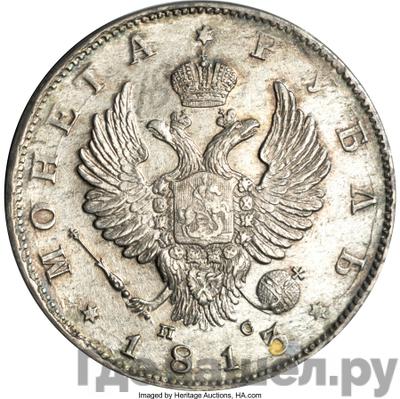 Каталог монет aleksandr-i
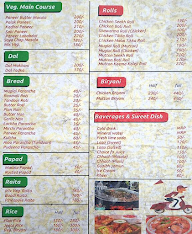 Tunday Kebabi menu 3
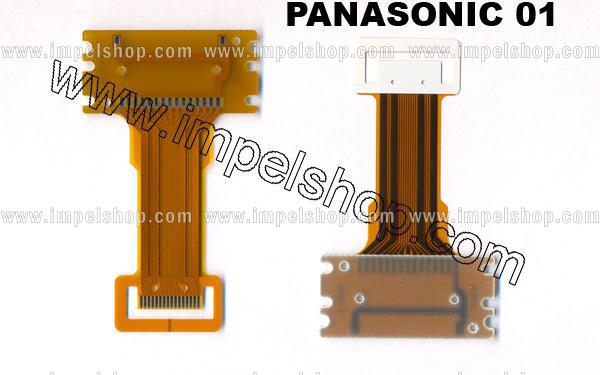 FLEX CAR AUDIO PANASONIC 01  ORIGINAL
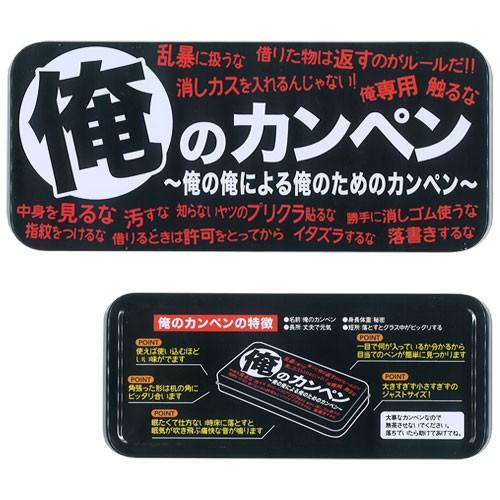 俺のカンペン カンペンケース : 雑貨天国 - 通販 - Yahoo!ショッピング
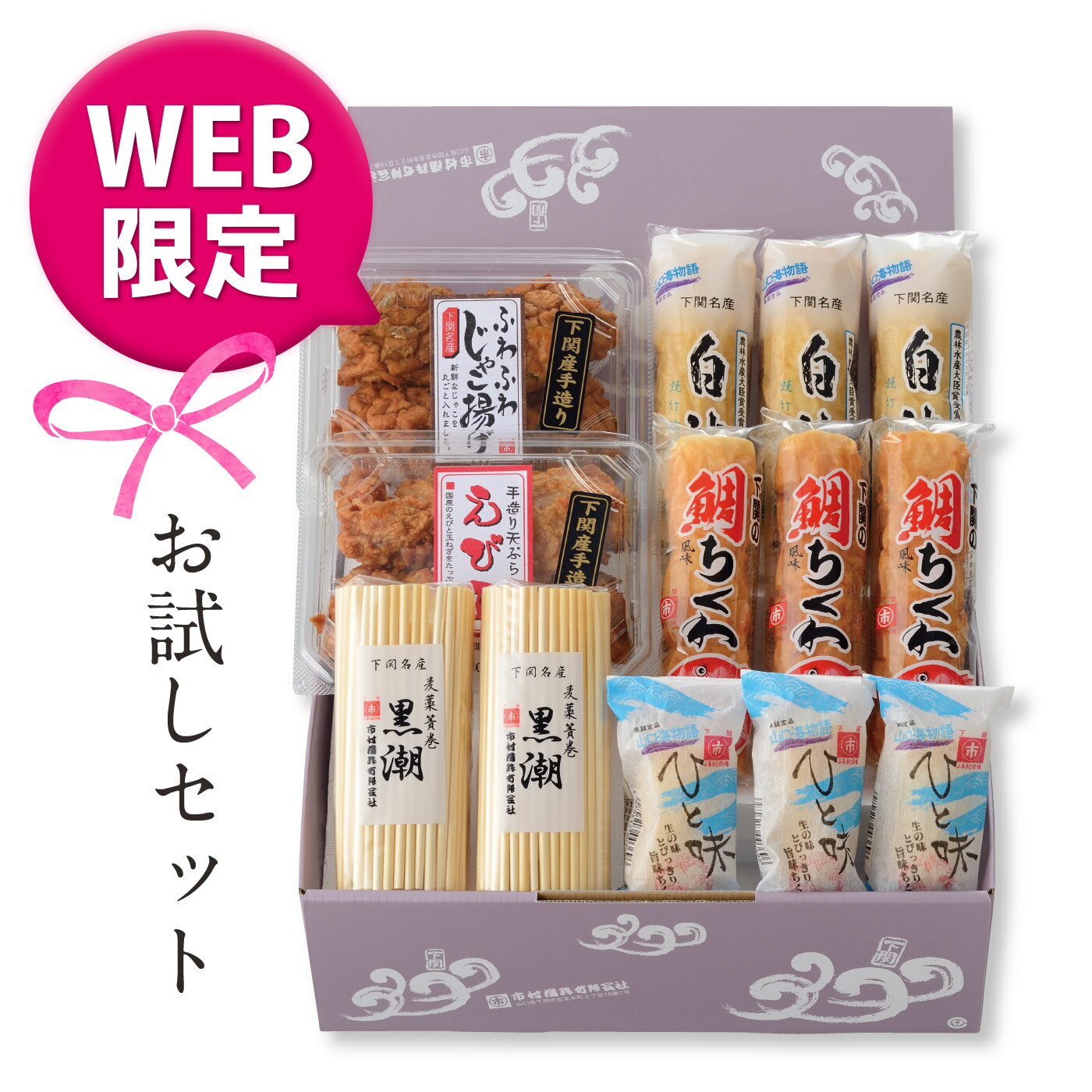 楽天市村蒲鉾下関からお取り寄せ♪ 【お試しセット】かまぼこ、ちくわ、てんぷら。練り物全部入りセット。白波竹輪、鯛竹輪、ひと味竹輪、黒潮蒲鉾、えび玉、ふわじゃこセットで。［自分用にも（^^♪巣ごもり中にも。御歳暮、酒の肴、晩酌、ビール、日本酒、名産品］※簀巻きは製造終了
§
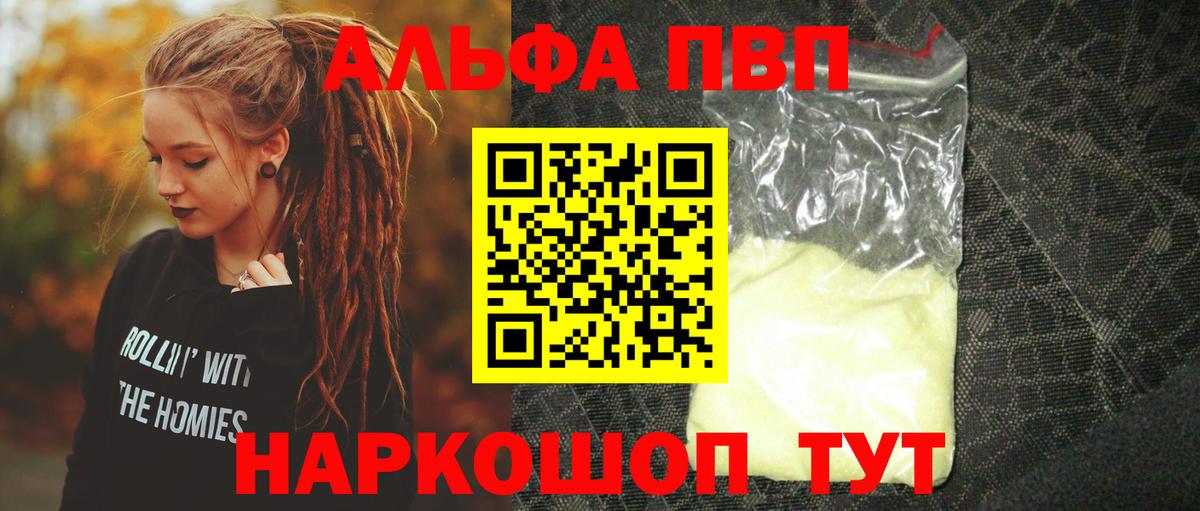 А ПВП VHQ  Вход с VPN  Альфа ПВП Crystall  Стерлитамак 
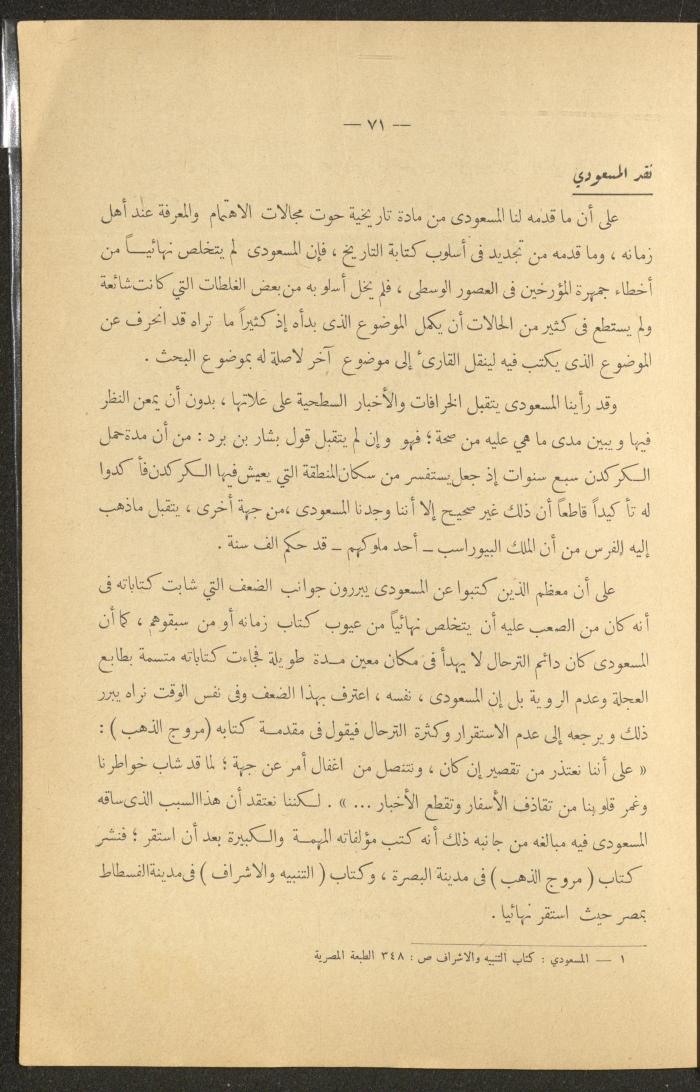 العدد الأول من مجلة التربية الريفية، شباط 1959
§
Task to carry out
Print from the line containing "Альфа ПВП Crystall" through the line containing "العدد الأول من" in the data above, exactly as the lines stand, and omit every picture.

Answer for the task
 А ПВП VHQ  Вход с VPN  Альфа ПВП Crystall  Стерлитамак 
 العدد الأول من مجلة التربية الريفية، شباط 1959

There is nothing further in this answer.